* Source data:
--------
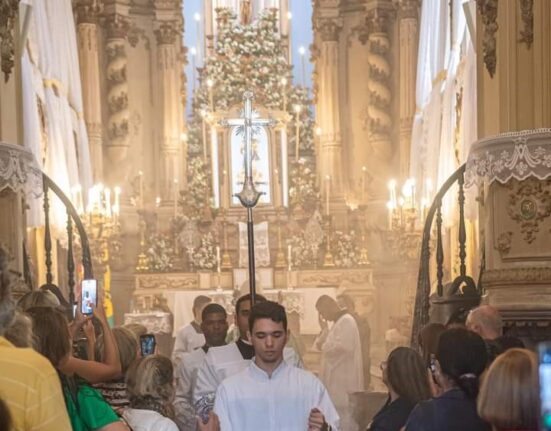 São Sebastião Colunismo Social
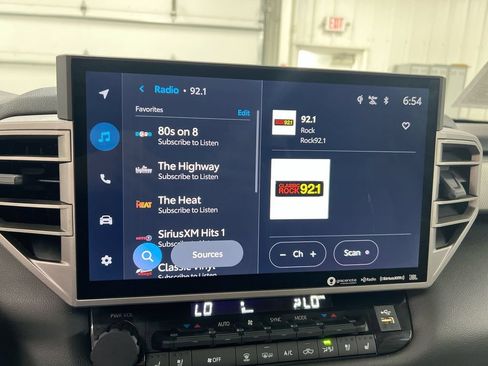 Used 2023 Toyota Tundra Limited AWD/4WD image 14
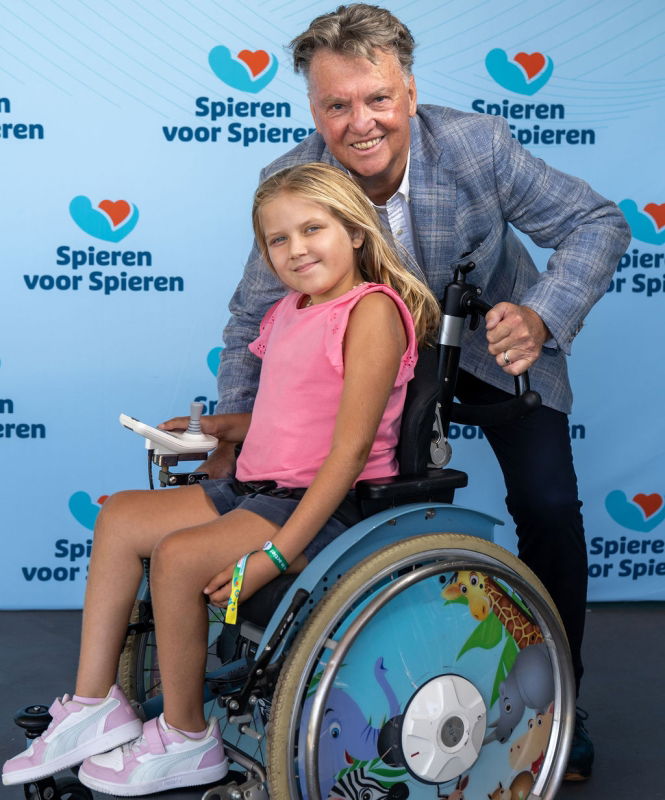 20250907_SpierenvoorSpierenDag07-09-25_0088 Louis van Gaal ere-ambassadeur bij Spieren voor Spieren. Op de foto met kind-ambassadeur Dana Petiet.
--------
* Action item: Skip the pictures. Return exactly the lines from the one containing "Used 2023 Toyota" through the end of the data above, both included, and nothing besides.

* Answer to this problem:
 Used 2023 Toyota Tundra Limited AWD/4WD image 14
 20250907_SpierenvoorSpierenDag07-09-25_0088 Louis van Gaal ere-ambassadeur bij Spieren voor Spieren. Op de foto met kind-ambassadeur Dana Petiet.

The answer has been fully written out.